Make an exact copy, from the records below, of the lines from the line containing "Green Moss Agate Macramé Pendant Necklace" to the line containing "Mesa Auxiliar con", both lines included, excluding pictures.

▶ Exercise data:
Start of Block
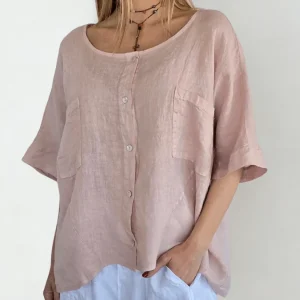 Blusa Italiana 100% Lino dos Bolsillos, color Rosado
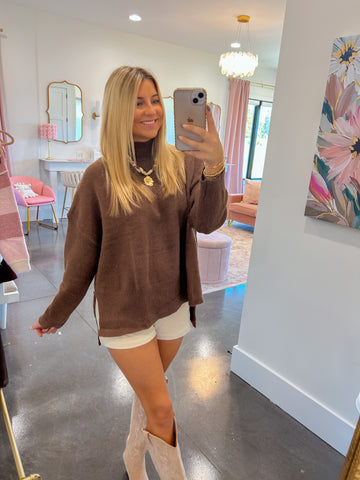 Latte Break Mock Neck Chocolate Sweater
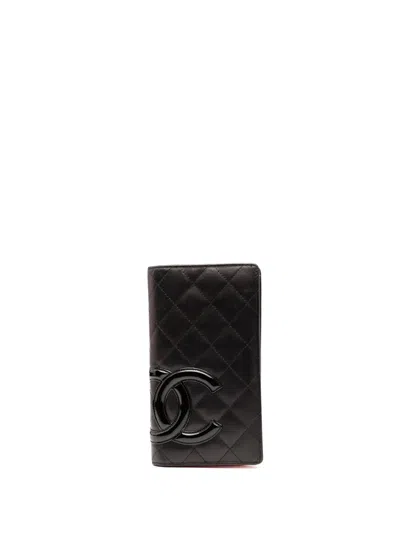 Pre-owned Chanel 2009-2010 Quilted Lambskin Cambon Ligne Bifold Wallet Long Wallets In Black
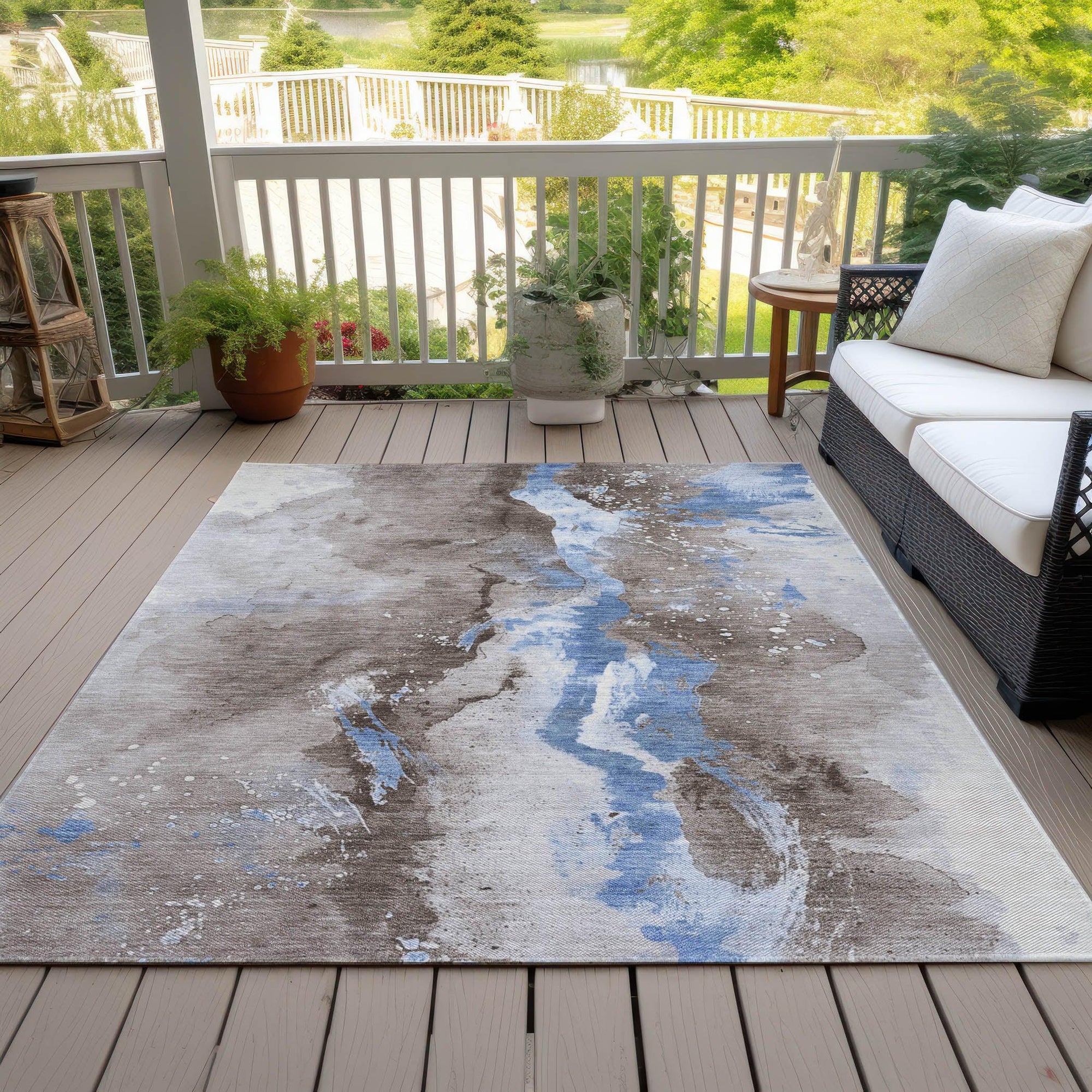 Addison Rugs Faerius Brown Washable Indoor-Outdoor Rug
End of Block
Start of Block
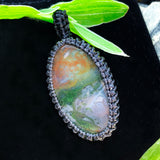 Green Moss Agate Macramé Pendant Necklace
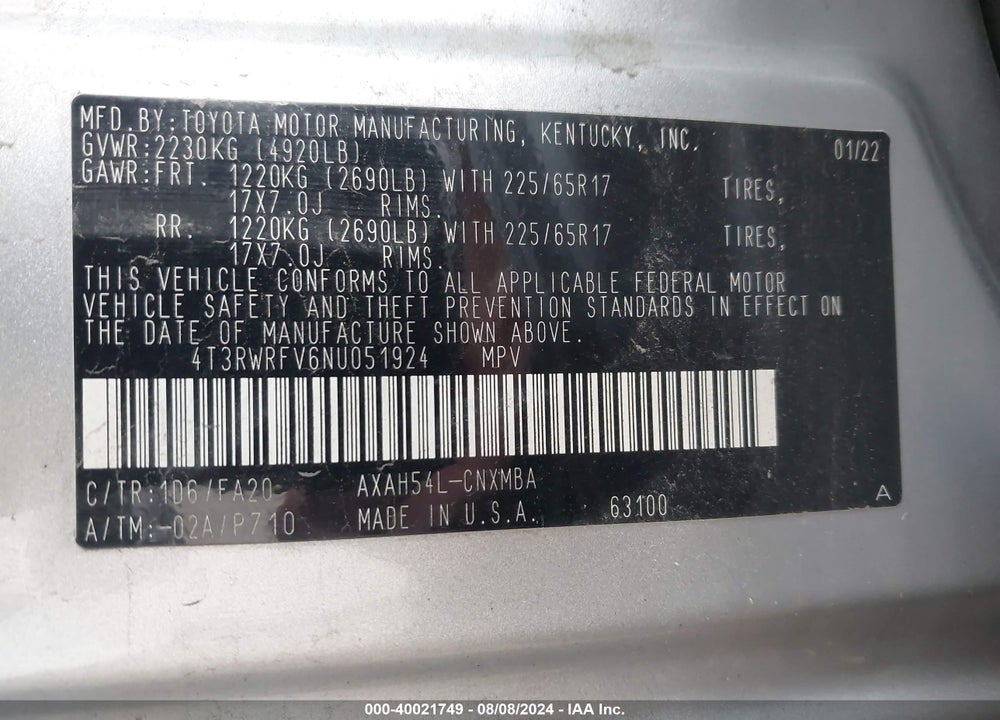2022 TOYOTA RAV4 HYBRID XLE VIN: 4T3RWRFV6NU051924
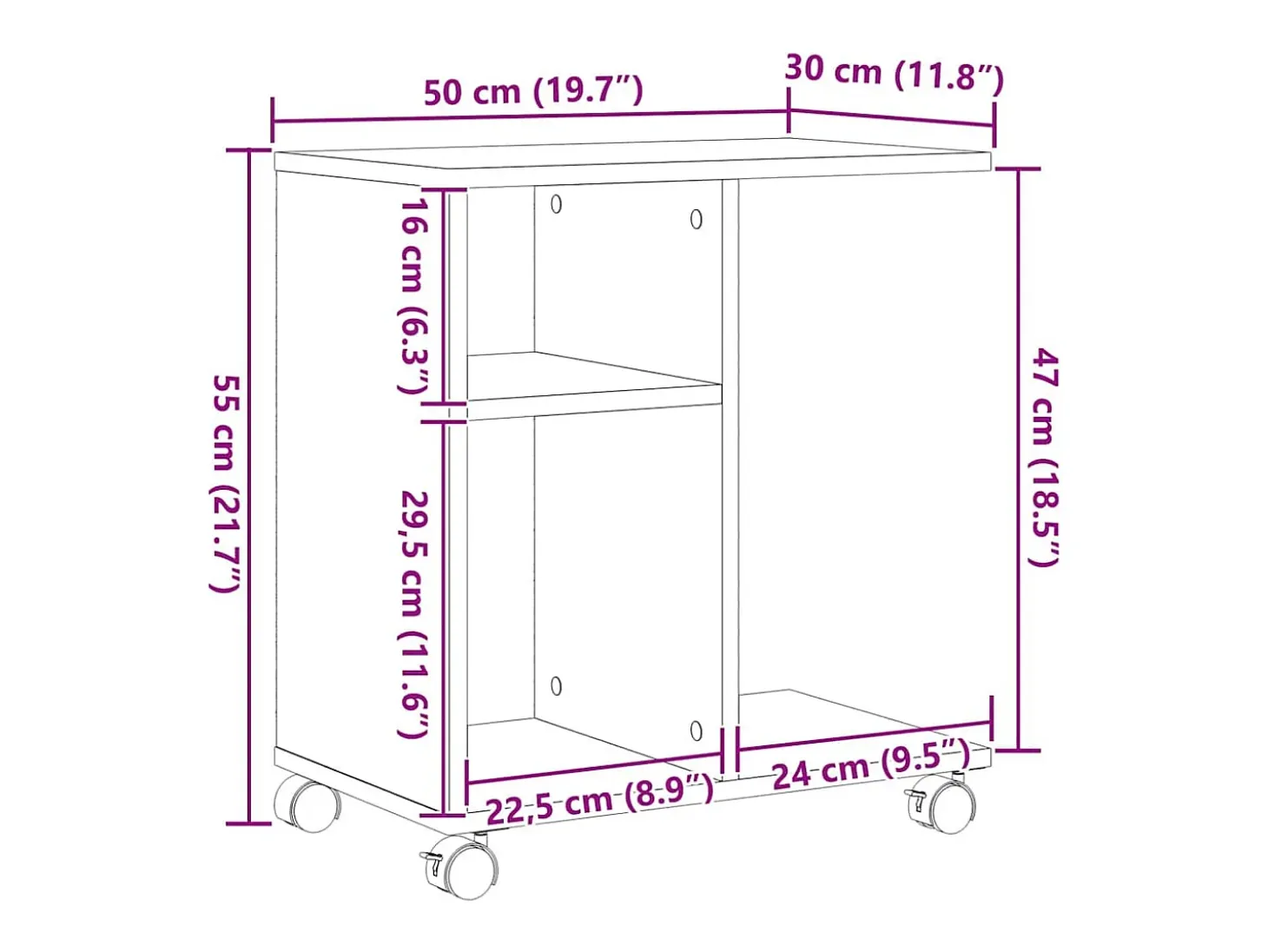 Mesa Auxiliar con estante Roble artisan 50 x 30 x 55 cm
End of Block
Start of Block
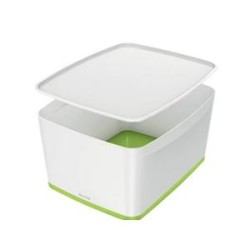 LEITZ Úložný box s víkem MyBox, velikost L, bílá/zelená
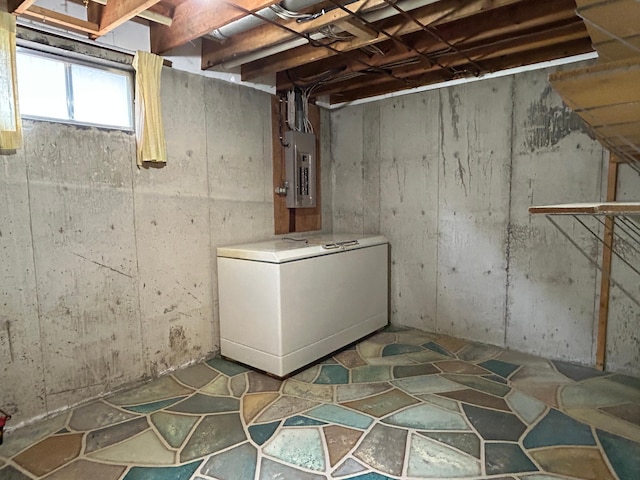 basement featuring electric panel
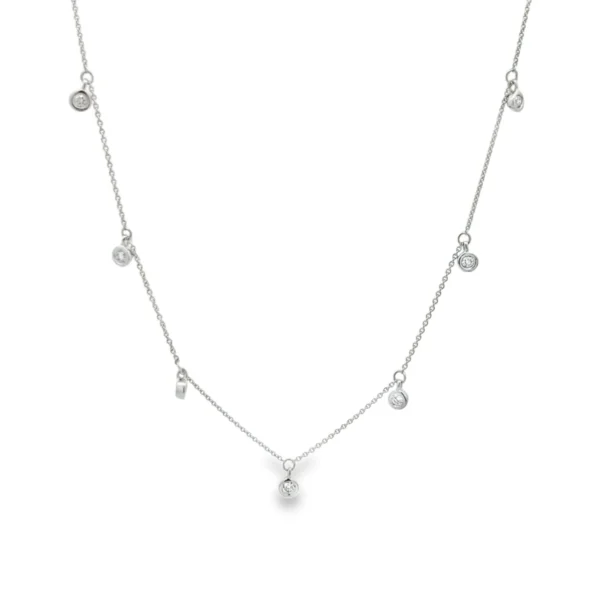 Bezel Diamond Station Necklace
End of Block
▶ Problem solution:
 Green Moss Agate Macramé Pendant Necklace
2022 TOYOTA RAV4 HYBRID XLE VIN: 4T3RWRFV6NU051924
 Mesa Auxiliar con estante Roble artisan 50 x 30 x 55 cm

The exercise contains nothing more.